**Available data**
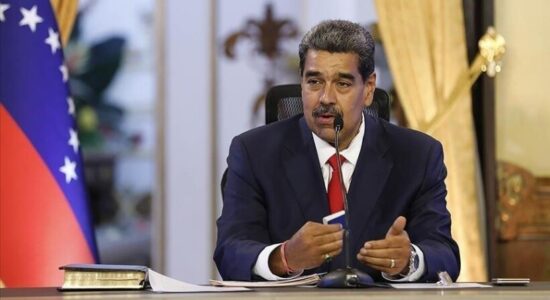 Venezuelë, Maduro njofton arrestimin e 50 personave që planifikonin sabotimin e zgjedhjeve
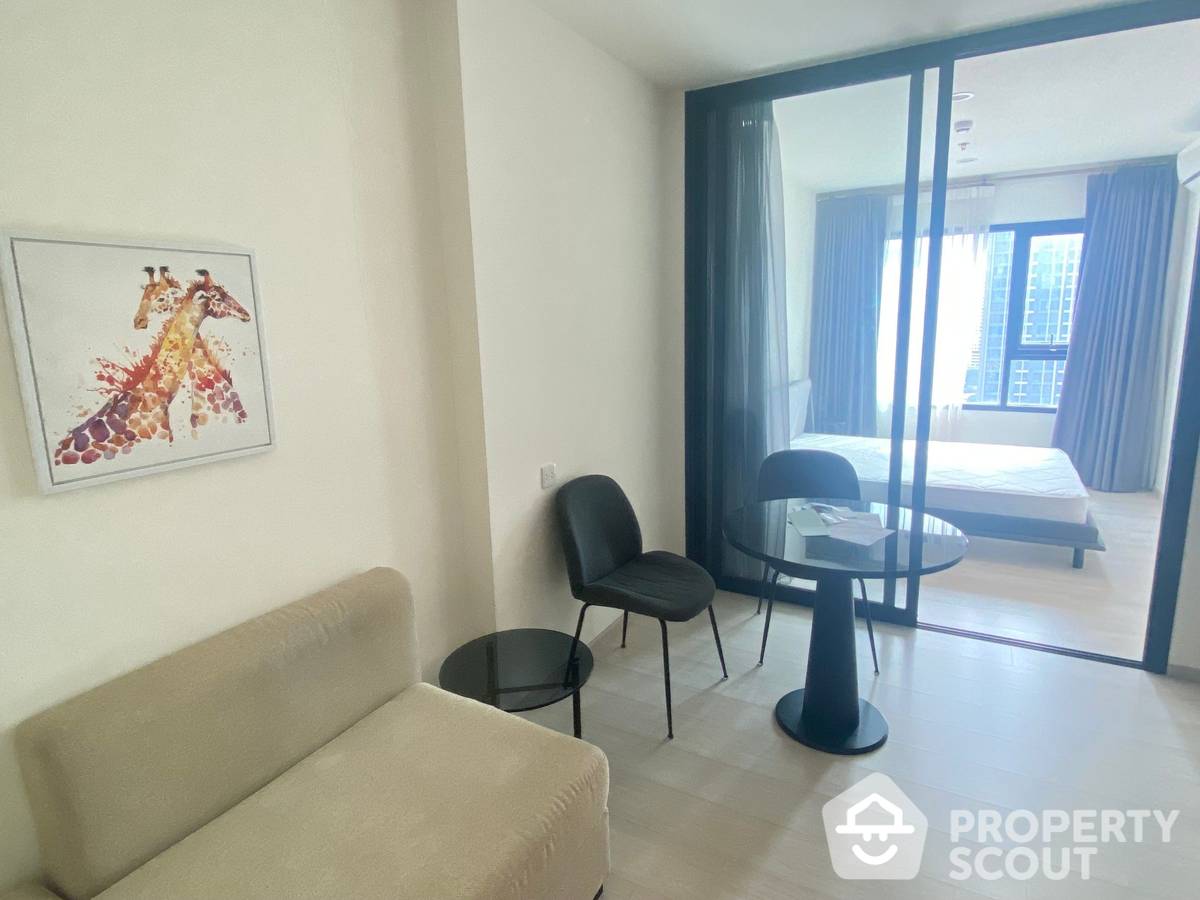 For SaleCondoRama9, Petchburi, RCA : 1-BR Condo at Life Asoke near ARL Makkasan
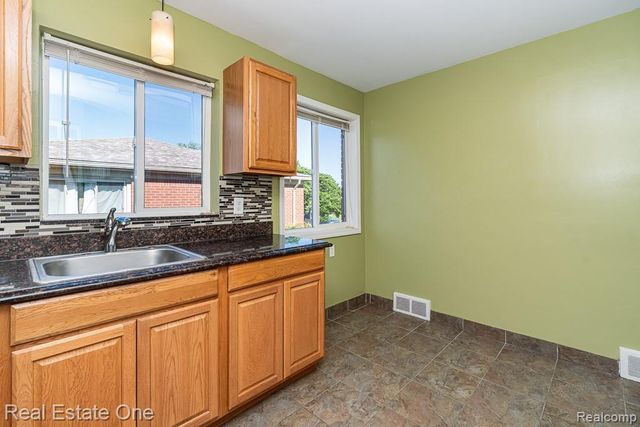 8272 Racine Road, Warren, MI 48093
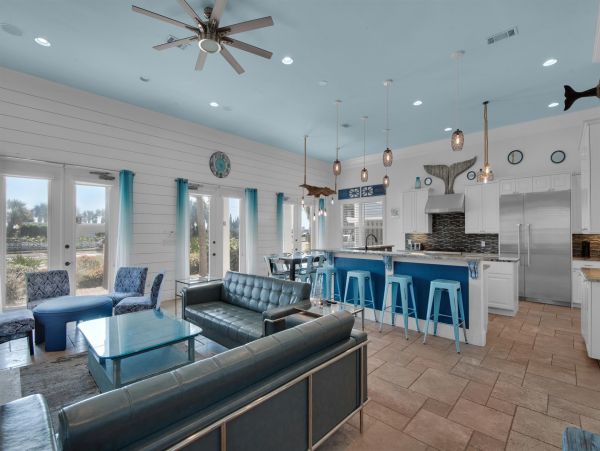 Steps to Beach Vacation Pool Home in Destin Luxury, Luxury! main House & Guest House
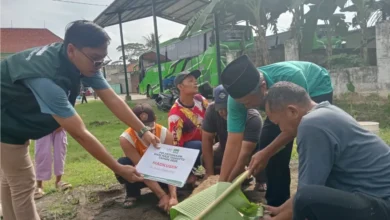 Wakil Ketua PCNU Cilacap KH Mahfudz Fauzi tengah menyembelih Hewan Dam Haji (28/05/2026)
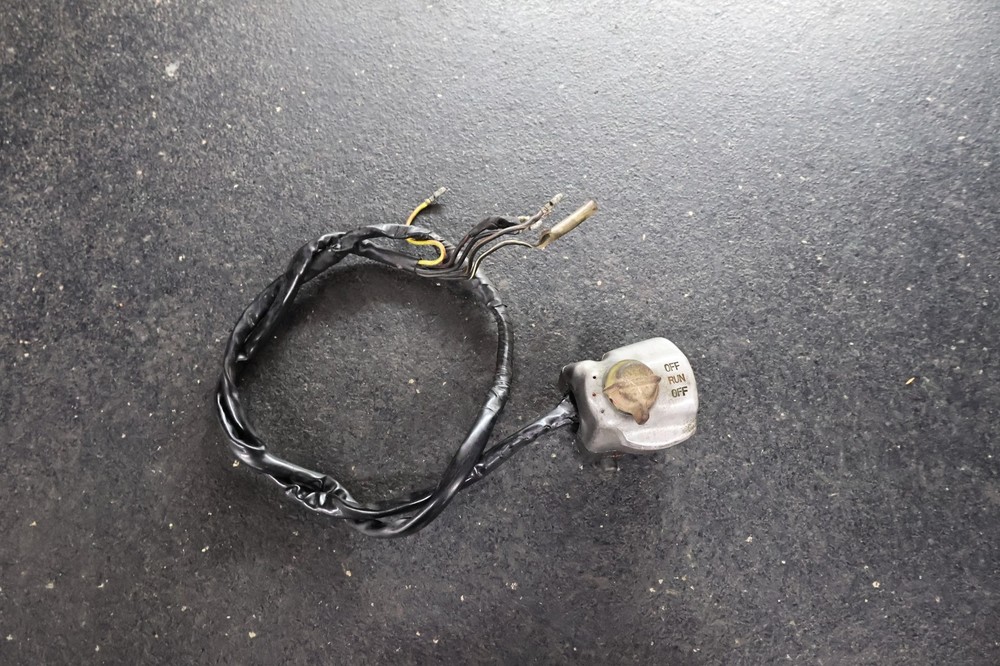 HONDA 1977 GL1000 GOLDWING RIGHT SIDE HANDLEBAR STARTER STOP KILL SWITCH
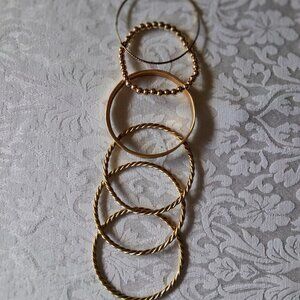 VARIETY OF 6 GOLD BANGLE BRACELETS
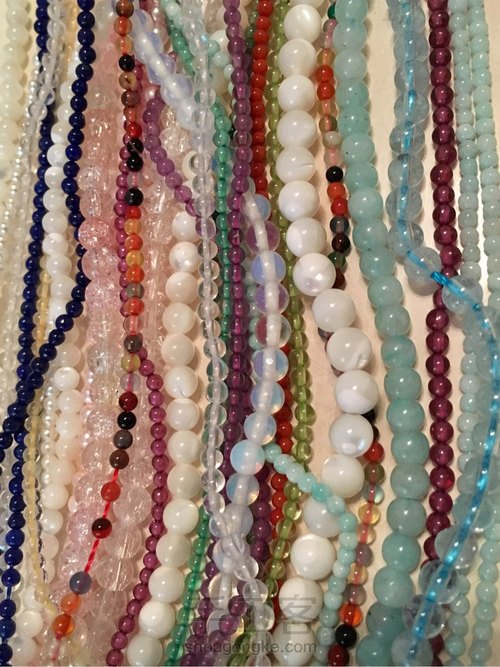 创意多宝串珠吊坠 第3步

**Problem to work on**
Exact copy, no pictures. Write out the lines in the entries above, starting with the line with "Steps to Beach" and going on through the line with "VARIETY OF 6 GOLD BANGLE BRACELETS", keeping both.

**Task solution**
 Steps to Beach Vacation Pool Home in Destin Luxury, Luxury! main House & Guest House
 Wakil Ketua PCNU Cilacap KH Mahfudz Fauzi tengah menyembelih Hewan Dam Haji (28/05/2026)
 HONDA 1977 GL1000 GOLDWING RIGHT SIDE HANDLEBAR STARTER STOP KILL SWITCH
 VARIETY OF 6 GOLD BANGLE BRACELETS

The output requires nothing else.